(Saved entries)
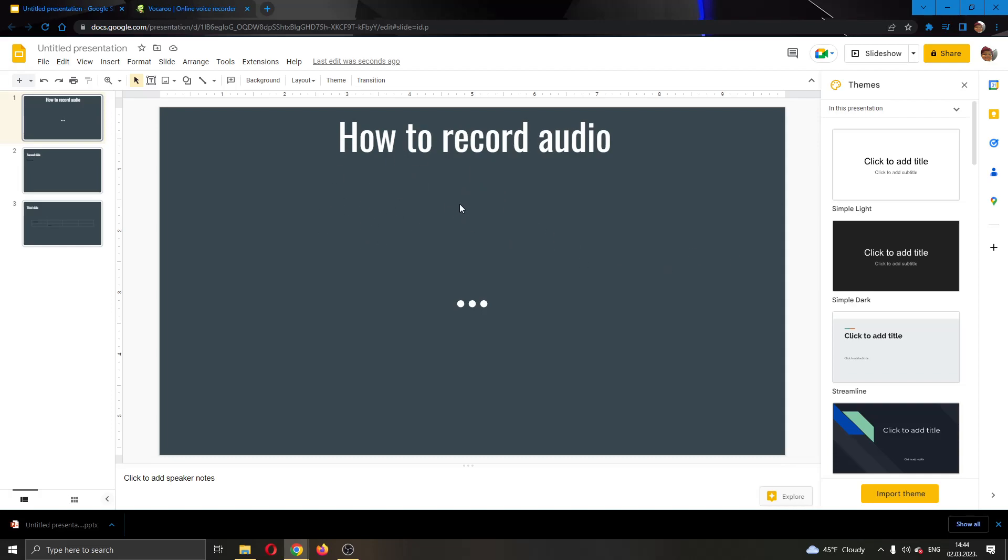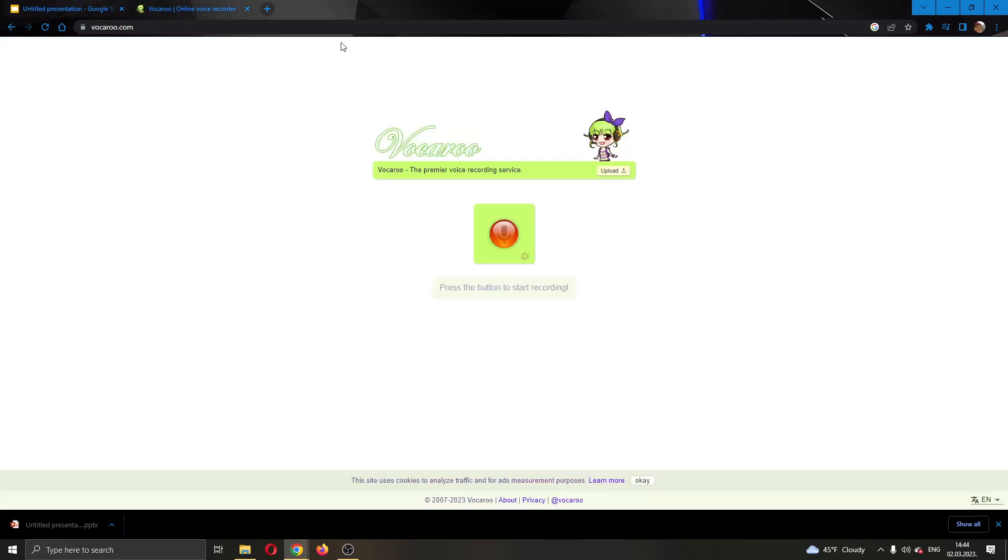The first thing you want to do to be able to enter your recorded audio to your Google Slide presentation is go ahead and record that audio. You're going to go to a website on the internet such as vocalroot.com. You can use this website to record your audio and then save it on your computer.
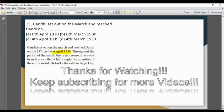Last question: Gandhi set out on the Dandi March and reached Dandi — this is the famous Salt March.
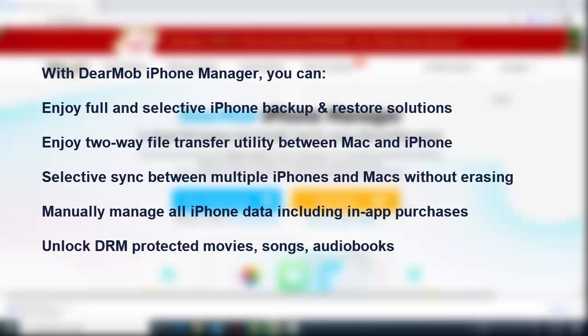With DeerMob iPhone Manager, you can enjoy full and selective iPhone backup and restore solutions, two-way file transfer between Mac and iPhone, selective sync between multiple iPhones and Macs without erasing, and manually manage all iPhone data including in-app purchases.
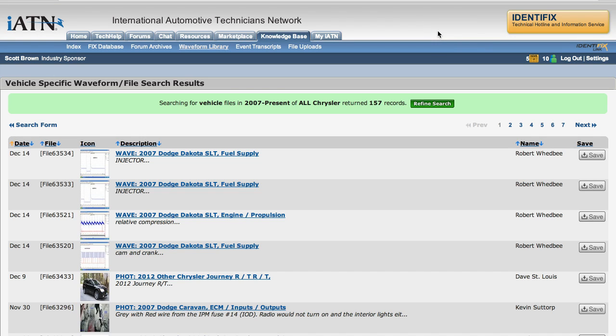Hey, there's Scanner Danner. This is Scott Brown with IATN. Thanks for doing that cool little video there.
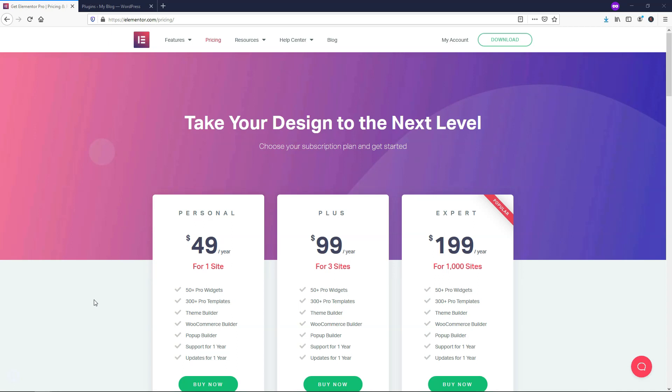Hey, it's Tom from WPWithTom.com, and in this video, I'm going to show you how to install Elementor Pro.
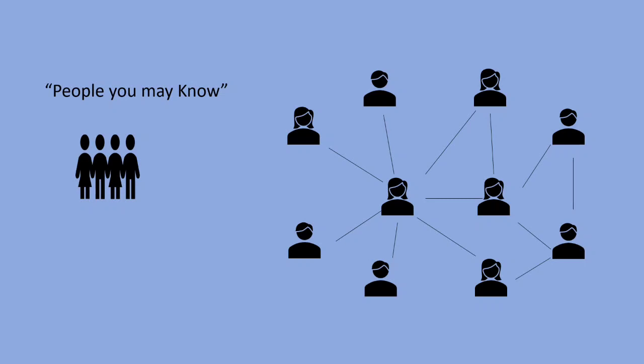This space is one of the key engagement factors because the number of people you connect with has a direct dependency on the number of hours you spend on Facebook.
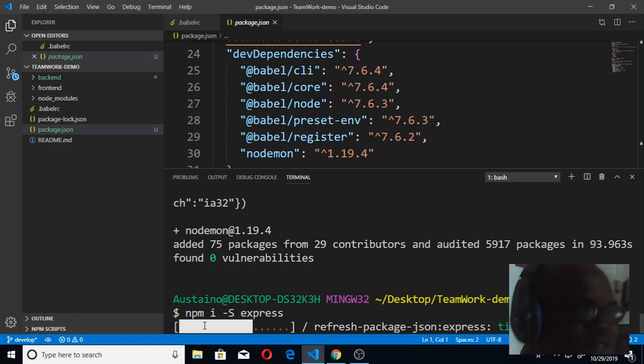Express is being installed. Once it's done, we're going to go to backend and open our server.js and write our first code. While it's being installed, I want to sign off. Very soon it's going to be completely installed. Thank you.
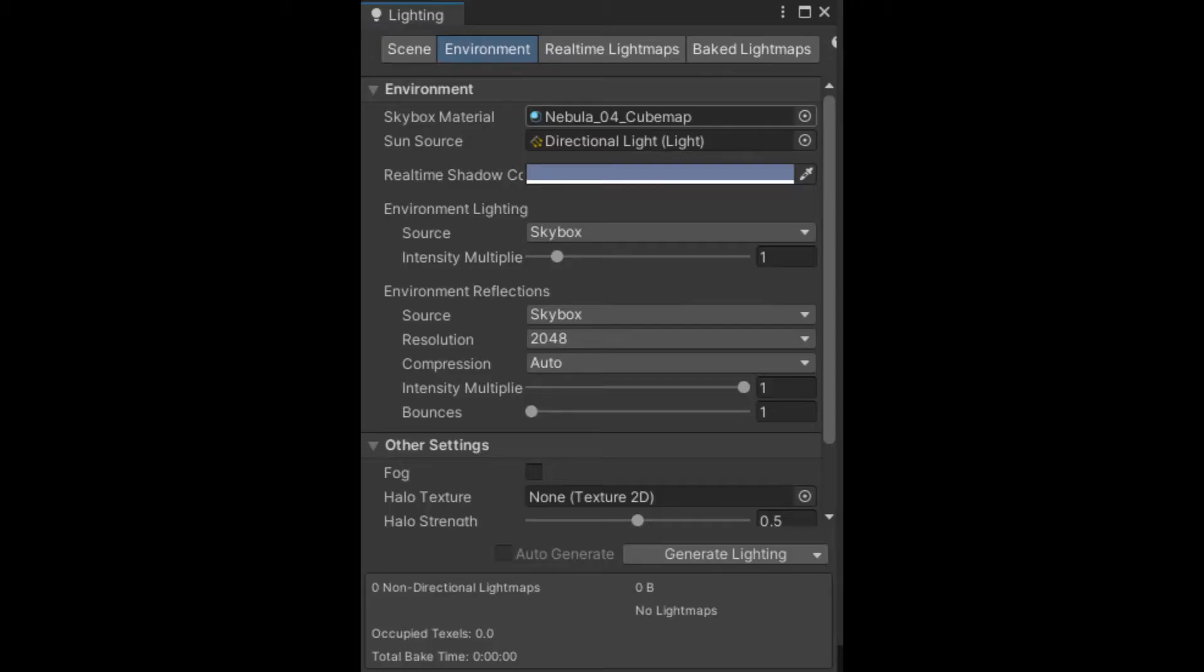Alternately, if you have a material with a skybox render with the cube map, you may set it in menu Window, Rendering, Lighting, Environment, Skybox.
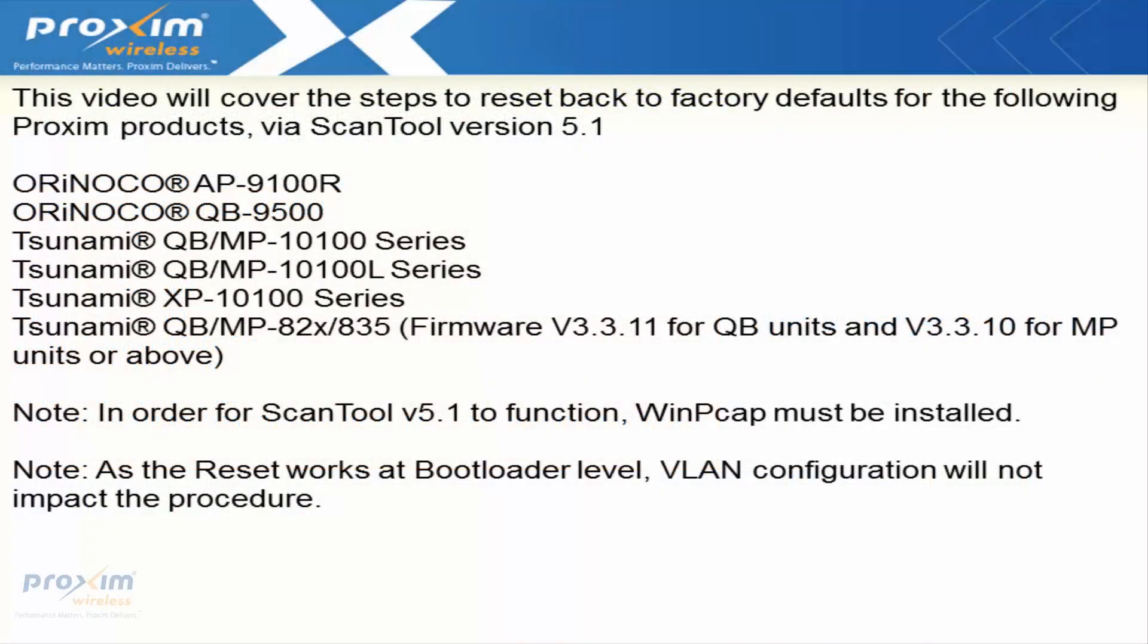This video will cover the steps to reset back to factory defaults for the following products via ScanTool version 5.1.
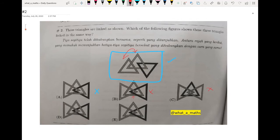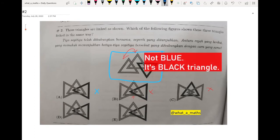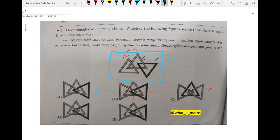We have rejected A, B, and C. Skipping D for now, we move to E. I reject E as well because the black triangle is linked to two of the lighter shaded triangles. In the original picture, the black triangle is only linked to one of the lighter shaded triangles, not two.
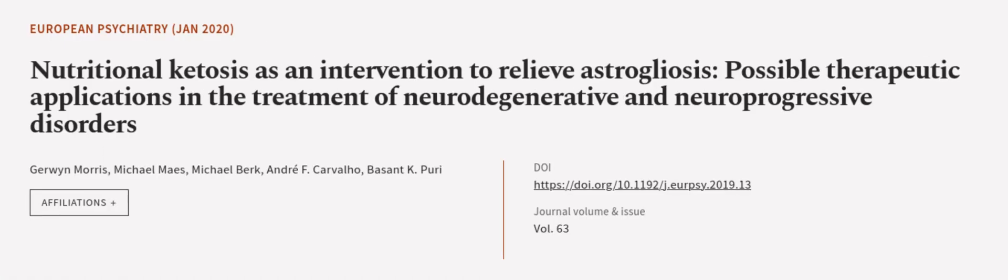This article was authored by Gerwin Morris, Michael Maes, Michael Burke, and others.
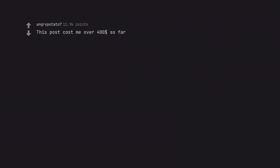This post cost me over $400 so far. Wait. You have money?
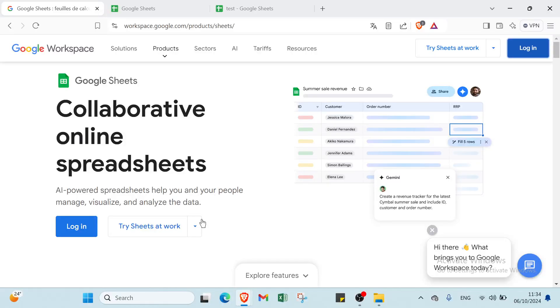Are you tired of feeling overwhelmed by spreadsheets? Want to turn raw data into stylish visuals and insightful analysis? Join us for a step-by-step guide that will demystify Google Sheets.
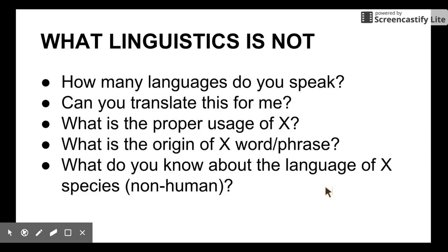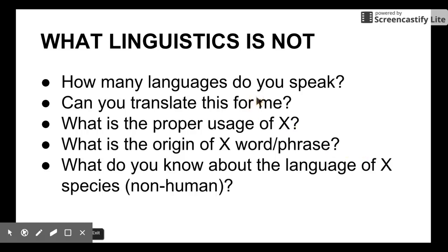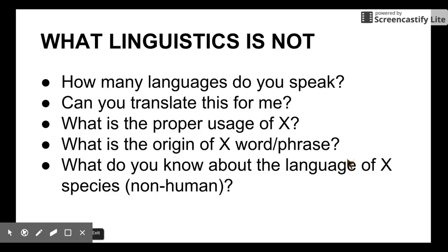We can begin by talking about what linguistics is not. Here is a list of interesting questions that are not in the field of linguistics study: How many languages do you speak? Can you translate this for me? What is the proper usage of something? What is the origin of some word or phrase? What do you know about the language of non-human species? These questions may be interesting, but they are not in the domain of linguistics theories.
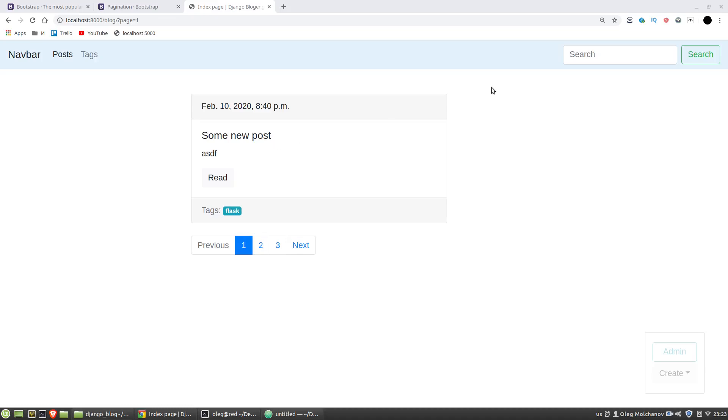I have a search form so I want to use it. And in this video I'll add a basic search through posts, titles and bodies.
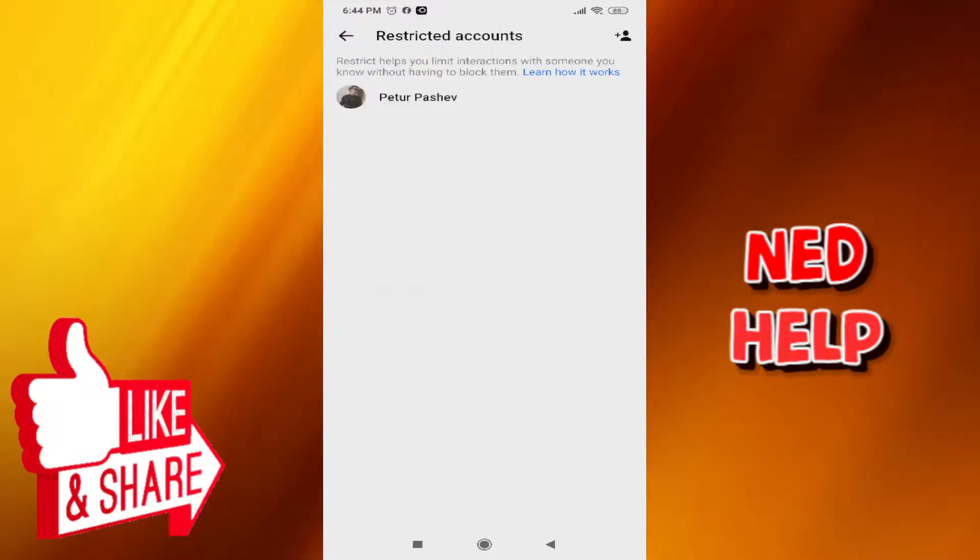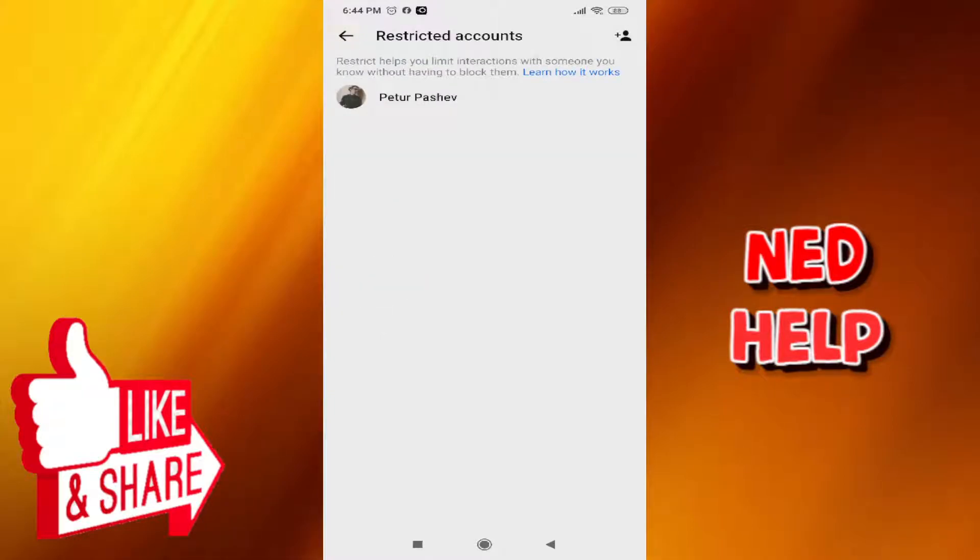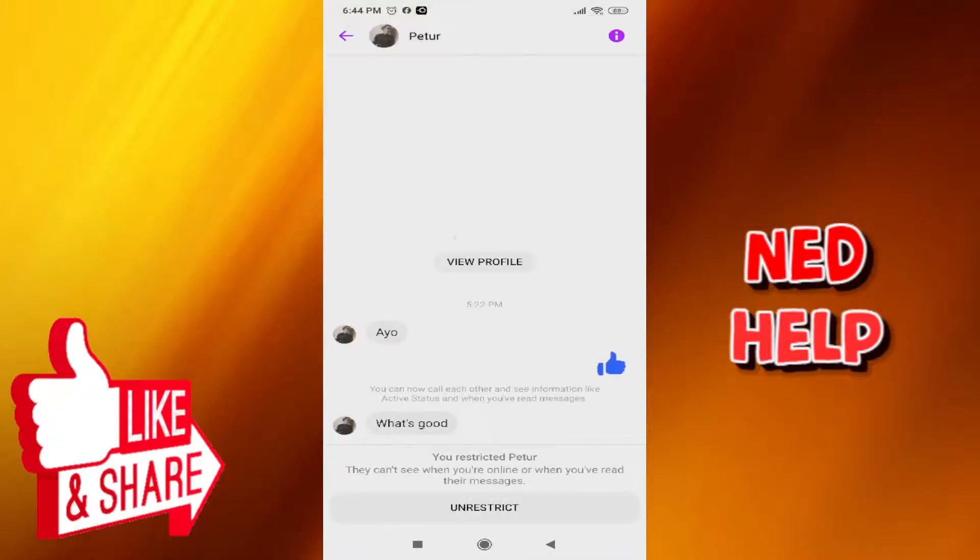If you press on it, you'll see the accounts you've restricted. To restore this person's messages, press on it and you'll get the option to unrestrict.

# Problem to solve
Please transcribe exactly the lines from the start of the records through the line containing "Last question: Gandhi", leaving the pictures out.

# Your solution
The first thing you want to do to be able to enter your recorded audio to your Google Slide presentation is go ahead and record that audio. You're going to go to a website on the internet such as vocalroot.com. You can use this website to record your audio and then save it on your computer.
Last question: Gandhi set out on the Dandi March and reached Dandi — this is the famous Salt March.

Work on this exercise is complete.